Put on your gloves. You have an angry man that you must disengage.
Remember the board game Operation. You had to remove items from a man’s body. If your tweezers touched his body – you got a buzz and his nose lit up.
Kind of like the angry guy. You go a bit out his comfort zone and there goes the buzz of his words and his nose flares with anger.
It’s not me it’s him right?
The Relationship between anger and the nose
A side point – interesting that the word for “nose” in Hebrew as the same as “anger” in Hebrew – “af”. I saw an article once that certain aromas of chemicals one emits in a certain emotional state can transmit an emotion to another person. Meaning if a person is angry, another person who smells them with their nose can be influenced also to become angry.
The Proper Reaction against anger
The Jewish people are called the people of the book. Not only because they read books – mainly Torah – but many live by the word of the Torah. A once popular show on private detectives – one detective would determine his next move based upon actors in certain shows he had seen. An observant Jew learns his next move based upon the deeds of great Torah observant people of the generation or in the Torah.
So what does the Torah propose as a “next move” or reaction to an angry person?

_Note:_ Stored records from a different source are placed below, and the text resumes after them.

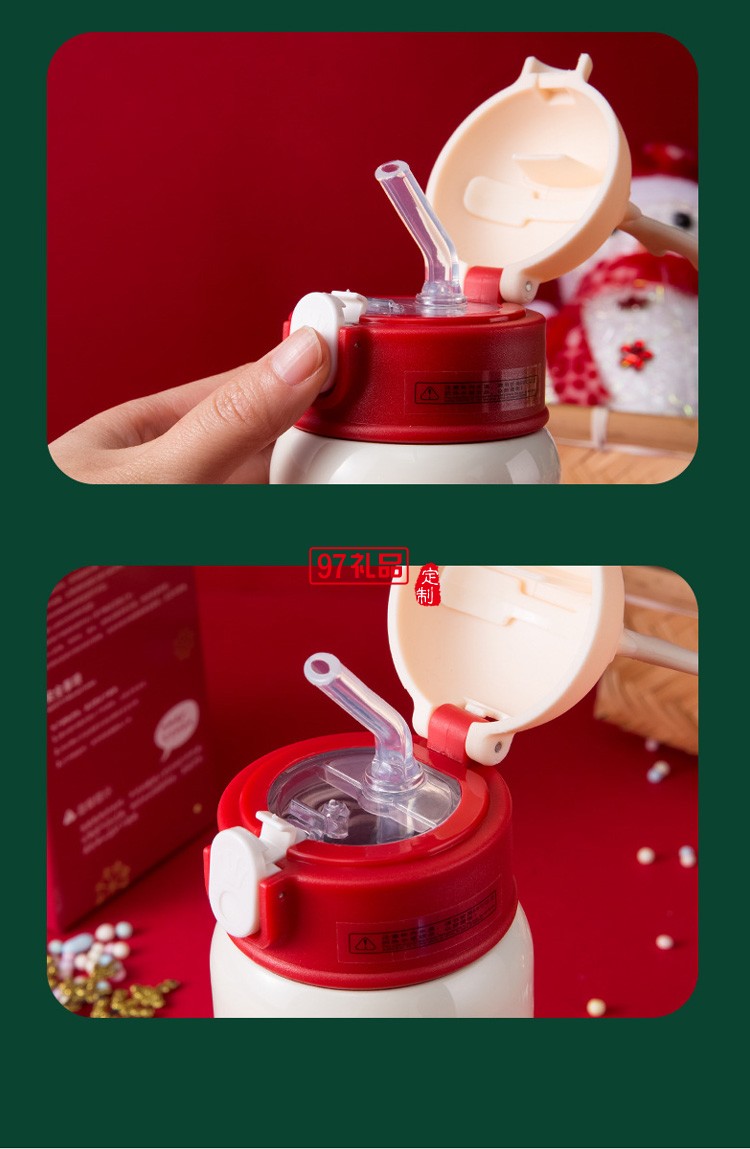 新品圣誕節不銹鋼保溫杯 隨手可愛保溫杯冬季必備 可定制logo 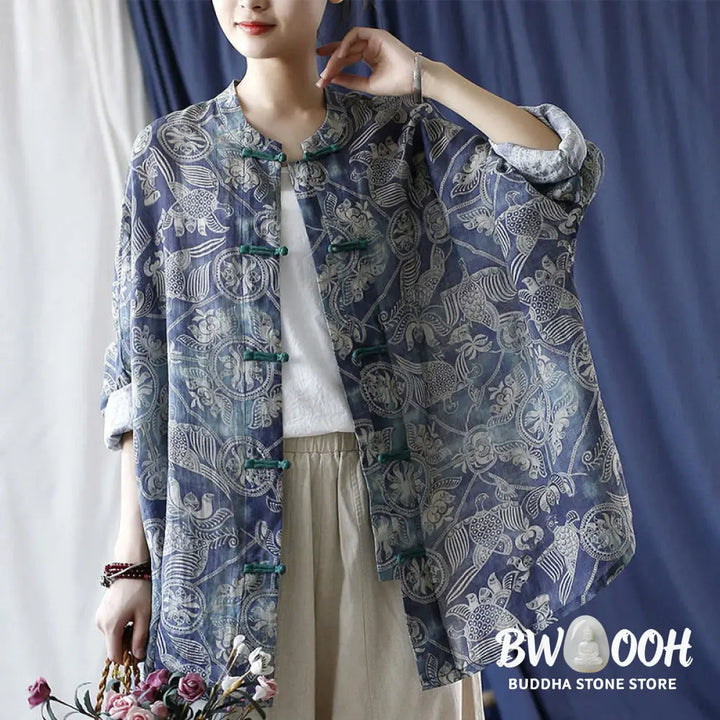 Buddha Stones Birds Flowers Geometry Frog-Button Long Sleeve Ramie Linen Jacket Shirt - F(Bust 174cm/Shoulder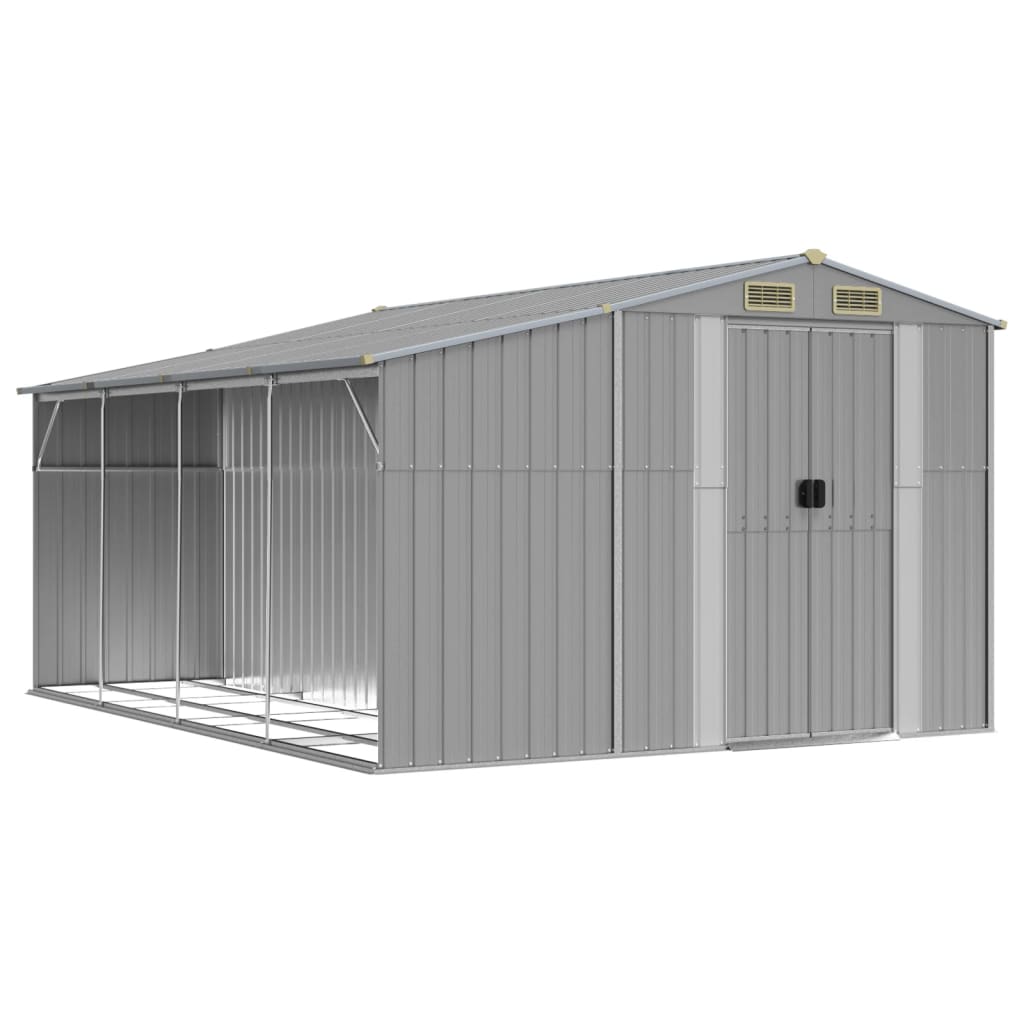 vidaXL Garden Shed Grey 277x365.5x179 cm Galvanised Steel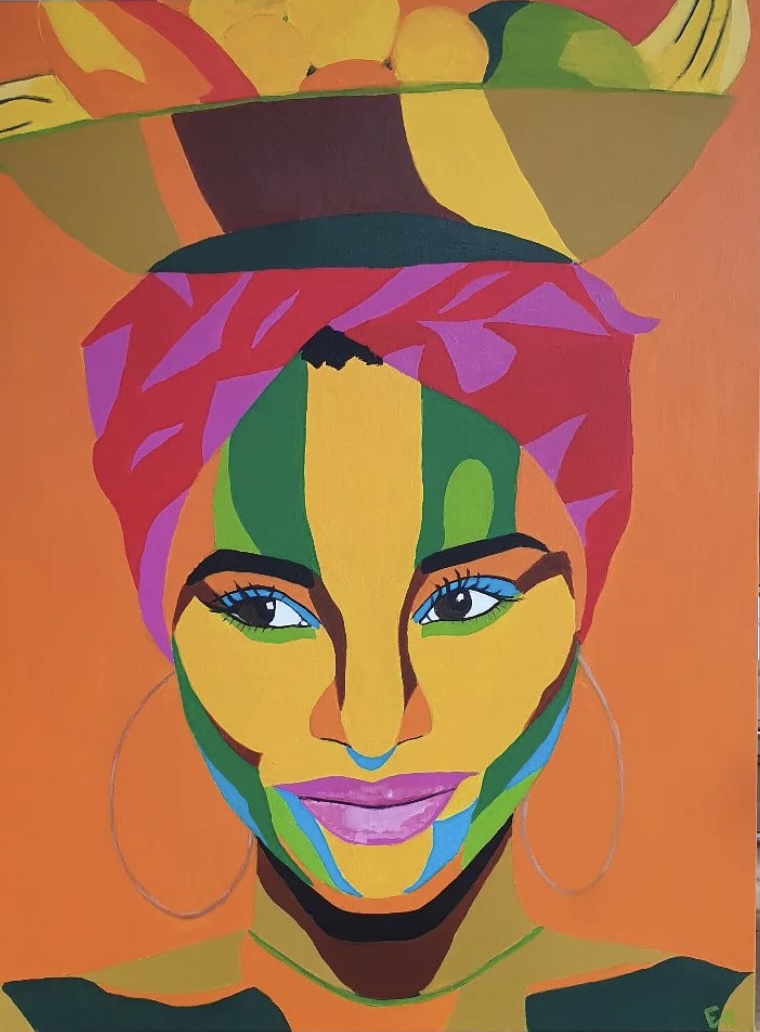 Colourful painted portrait of a woman carrying fruit on her head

Someone recently got angry at me. I learned that the way to react was not the way I did with him. But at least I figured out what’s a good move for the next outburst. Learn from my experience.

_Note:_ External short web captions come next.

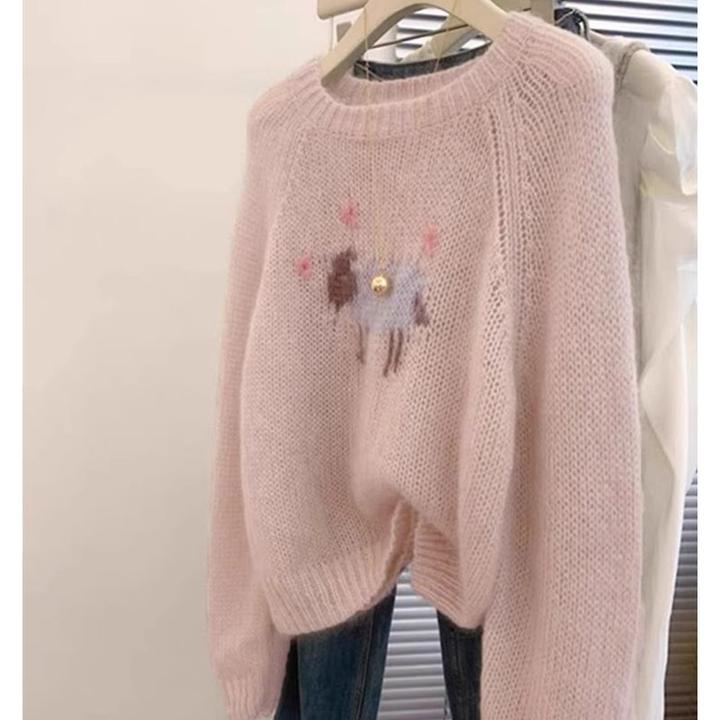 软糯甜美减龄圆领针织衫长袖毛衣女秋冬新款可爱小羊休闲时尚上衣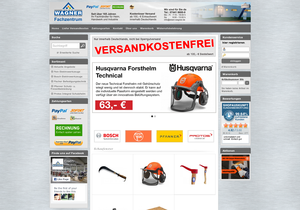 Screenshot der Shop-Webseite von Eisen Wagner Onlineshop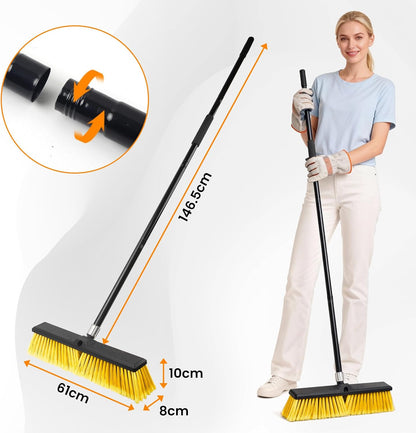 18" Push Broom Outdoor, Heavy Duty Broom with 62" Long Handle, Stiff Bristle Garage Broom for Patio Deck Driveway Concrete Floor Shop Warehouse Cleaning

The Torah says in Pirkei Avot / Ethics of the Fathers (4:18) regarding Acting with Tact:
Rabbi Shimo’n son of Ela’zar says: Do not appease your fellow at the time of his anger. And do not console him at the time that his dead lies before him; And do not question him [ie, his intentions] at the hour of his vows & don’t make effort to see him at the time of his degradation.
Don’t appease him at the time of his anger. Meaning don’t try to calm him down. Meaning – your attempt at calming him may have the opposite effect of your intention. Meaning you trying to calm him down might get him more angry. So now what can you do? Remain silent. His or her ranting and raving should prompt you to think what’s the best reaction? and your answer should be silence.

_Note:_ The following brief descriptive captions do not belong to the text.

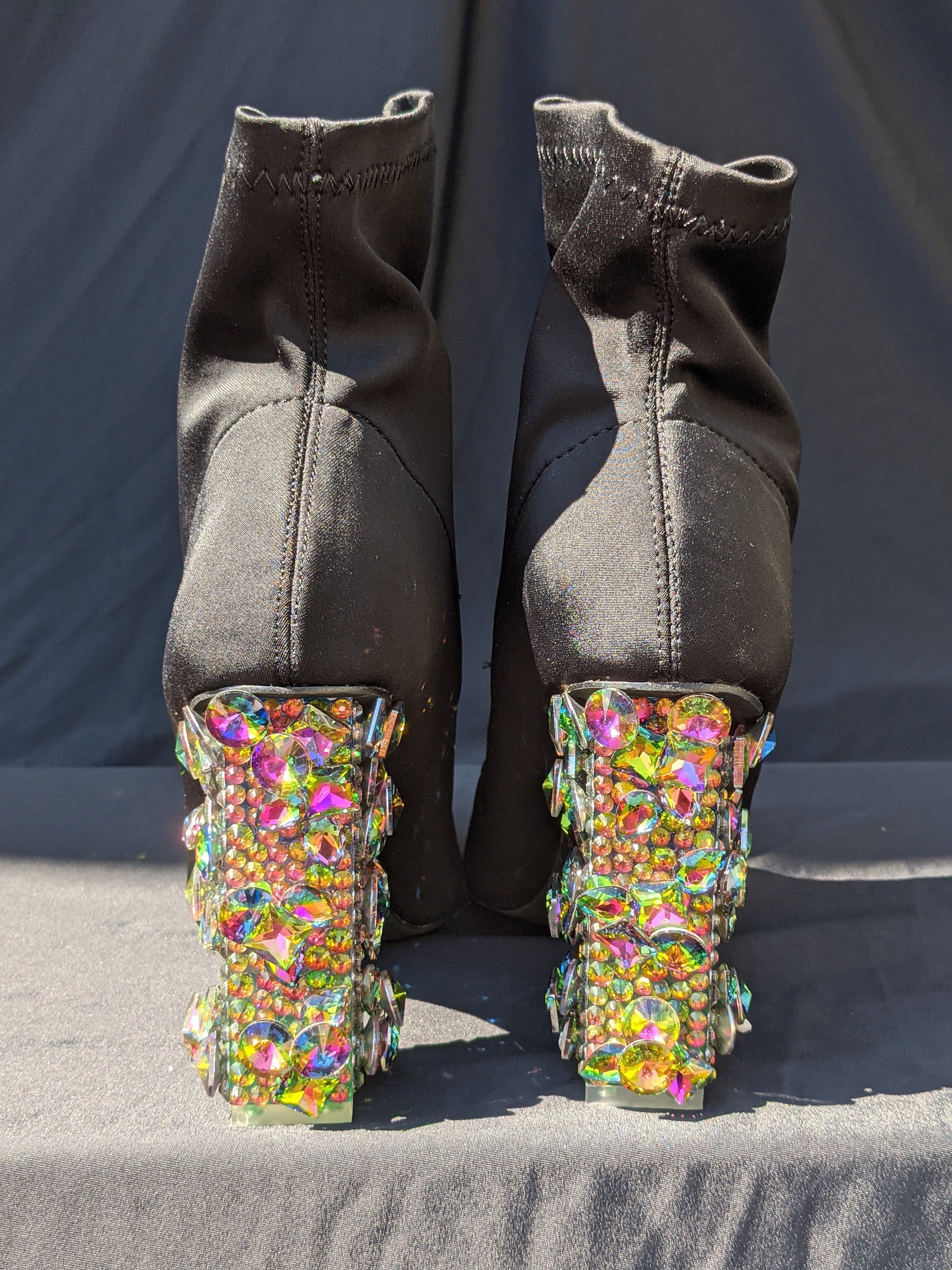 Rainbow Rhinestone Black Festival High Heel Boots – Size 7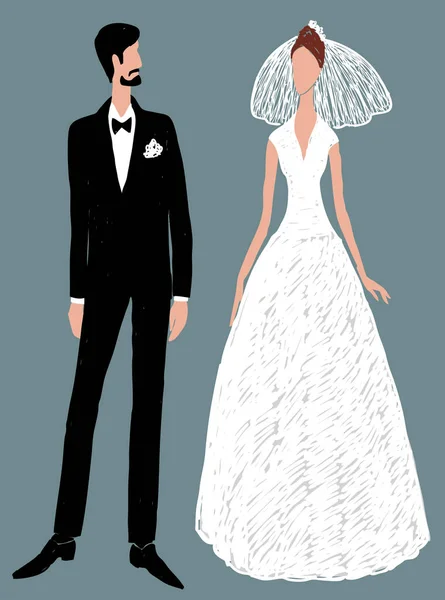 Disegno Vettoriale Sagome Giovane Sposa Sposo — Vettoriale Stock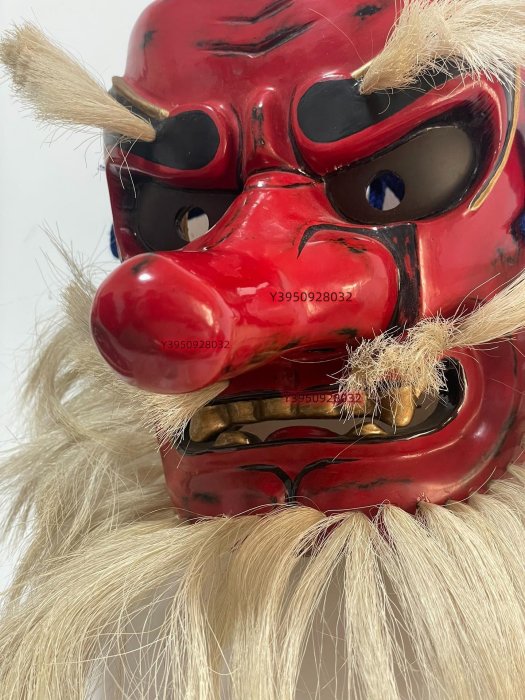 日本中古木雕天狗面具面具裝飾掛件實木面具有作者落款尺寸:長寬約21
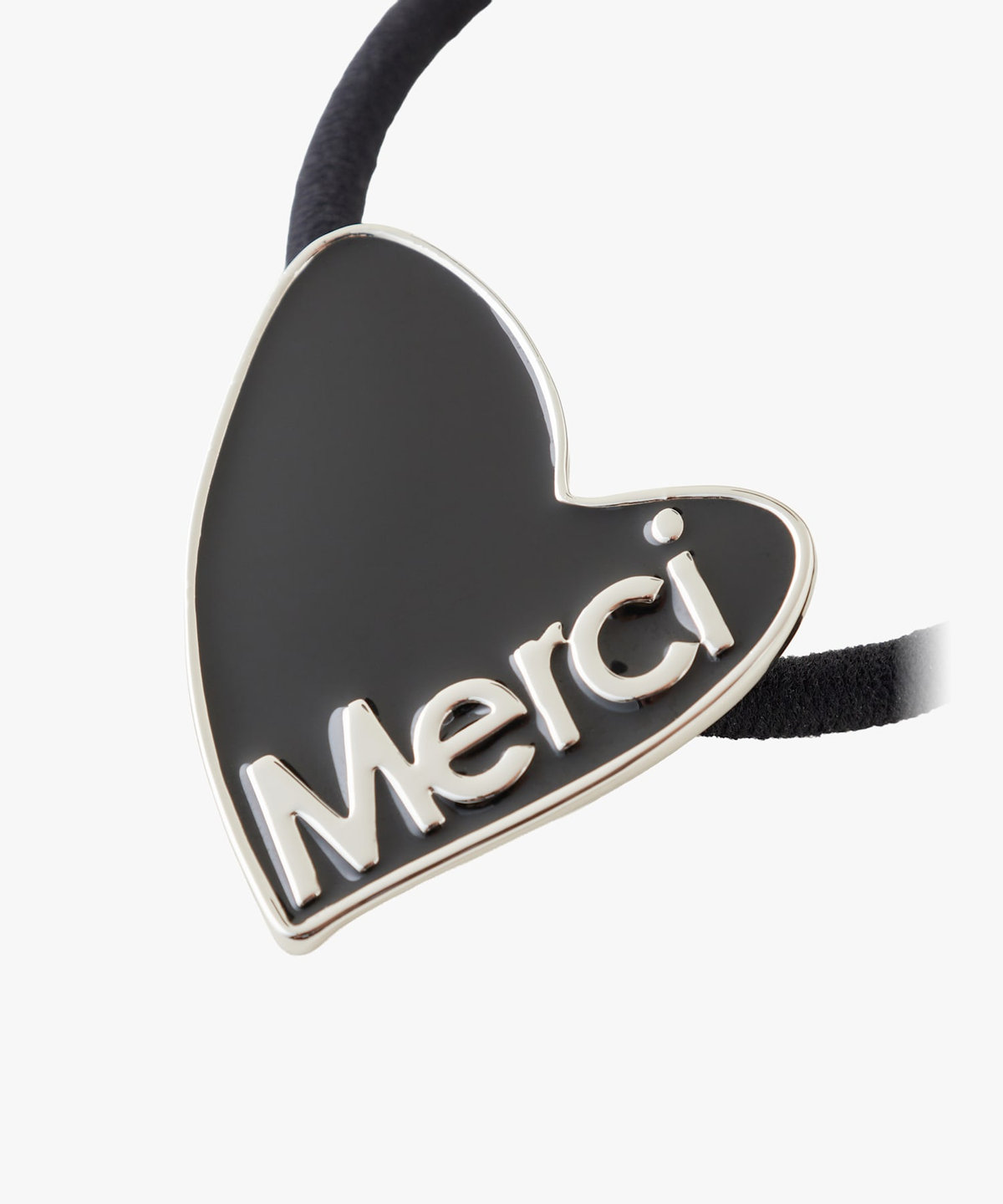 To b. by agnès b. メッセージ ハート ヘアタイ "Merci" ブラック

(This applies, obviously, if the person is not violent. If the person is violent – you might want to choose flight rather than fight.)
The Fortiori Argument / Kal VaHomer
In Torah there is a logical construct called the Fortiori argument – it goes something like this:
If an average person can lift up this coffee table – surely the body-builder can pick up this coffee table.
Using that principle – don’t appease your fellow at the time of his anger – thus even more so – should you not instigate him at that point. You will just make him more angry. Your objective is to get a point across – do it in a calm, private moment together – not when the person is about to burst.
You have two kinds of angry people – a person who has a bad temper but deep down is good. And a person with a bad temper whose nature is evil. Avoid the latter. Be patient with the first. If the first person is truly good, he will apologize after his outburst – if you don’t respond in kind. If you respond with anger – you will have nullified his feeling of guilt. He’ll think – I got angry – you got angry – why apologize? But if only one gets angry – the calm person has the upper hand.
King Solomon’s Advice
Shlomo Hamelekh / King Solomon – the wisest man – “A Soft Answer turns away Wrath.” (Mishlei / Proverbs 15:1) So – apparently – a soft answer is better than an all out yelling match. Don’t you think?